It’s been five years since Sweden’s Watain unleashed a studio album but now, at last, comes their most recent offering: ‘Trident Wolf Eclipse’. Before we delve into the darkest depths of what this record has to offer, a little perspective on black metal for those not in ‘the know’. Since its conception in the late ’80s/early ’90s, black metal became the most ‘dangerous’ style of music a band could play. Like the special effects in a Hammer Horror movie, what shocked the world then doesn’t necessarily have the same effect on today’s audience. The same applies to most modern black metal churned out today. What was once music’s bogeyman has become a parody thanks to the invention of internet memes. This generalisation however doesn’t apply to every band on that side of the music spectrum. Enter Watain, who do everything they can to fly the flag for extreme music, to make sure it still invokes those elements of fear and danger.

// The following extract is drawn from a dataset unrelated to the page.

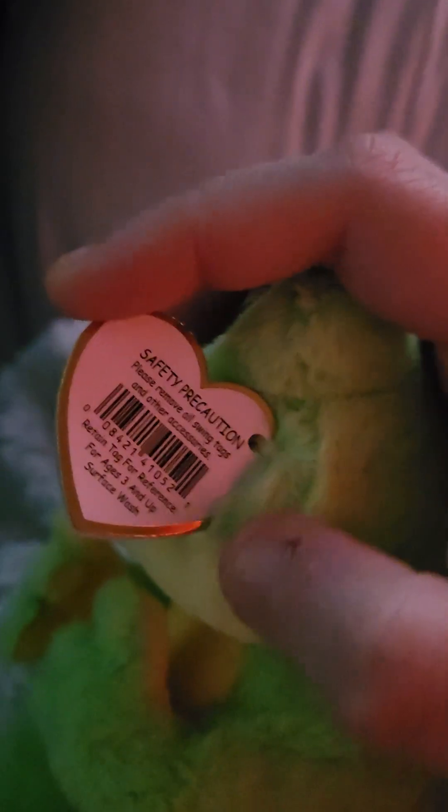He's super cute, and let's see what year he came out — he's got to be new because these beanie bellies are pretty new. There's a little tag there, and you usually have to check the back — that one doesn't say anything. Wait, that's the one that usually says what year he came out. I can't really see it from my end.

Their notorious live performances regularly see the stage decorated with severed animal heads and leave a percentage of the crowd and venues doused in blood. Watain are one of the few acts that can quite firmly consider themselves to be ‘trve’ black metal. One only has to look at the visuals explored in the artwork of their back catalogue to feel a sense of dread.
Breaking the five-year silence, album opener ‘Nuclear Alchemy’, which also happens to be the first single released, wastes no time making its presence known. Pummelling and unrelenting from start to finish, Watain more than prove their ground within seconds and don’t’ let up. Continuing along this same ferocious path are ‘Sacred Damnation’ and ‘Towards The Sanctuary’ which, despite remaining viscous black metal, also explore one or two more experimental elements. The former flirting with a mildly post-metal feeling towards the end, whilst the latter uses storytelling to describe an Odin-ic pilgrim destined to roam through purgatory.
Although furious and an all-out aural assault from beginning to end, ‘Trident Wolf Eclipse’ does have minor moments where it’s essential to take a breather before diving back in. ‘Teufelsreich’ and ‘Furor Diabolicus’ or ‘Devil Rich’ and ‘The Anger of The Devil’ for the non-Latin speakers amongst us, incorporate far more groove and atmosphere than the bludgeoning attack of ‘Nuclear Alchemy’ for example. Despite this, Watain have in no way become complacent, both songs still spew the same venom as ‘A Throne Below’ and ‘Ultra (Pandemoniac)’ which both create an atmosphere reminiscent to that of early Darkthrone; in short, they’re terrifying.
‘A Throne Below’ with its jaggedness and ‘Ultra…’, which utilises the use of maniacal laughter and faded bell chimes, wouldn’t be out of place in a Rob Zombie movie. In terms of what a lot of modern black metal bands such as Carach Angren are creating, this is the closest Watain come to anything remotely ‘symphonic’.
To bring the album to a close it only seems fitting that ‘The Fire of Power’ describes one man’s ascent to an almost God-like figure after watching the world beneath him burn. This track is surely an anthem of destruction with the howling of the words “of fire” still ringing in your ears long into the deafening silence once the album ends.
‘Trident Wolf Eclipse’ is by no means a defining moment in Watain’s career, but it’s an exceptionally strong effort that could easily be the soundtrack to a war as well as a harkening to the ‘glory days’ of black metal. If the production and sound quality weren’t up to modern day standards, this record could quite happily sit alongside some of the classics that formed an entire sub-genre that, despite promoting ‘evil’, is still going strong almost three decades later.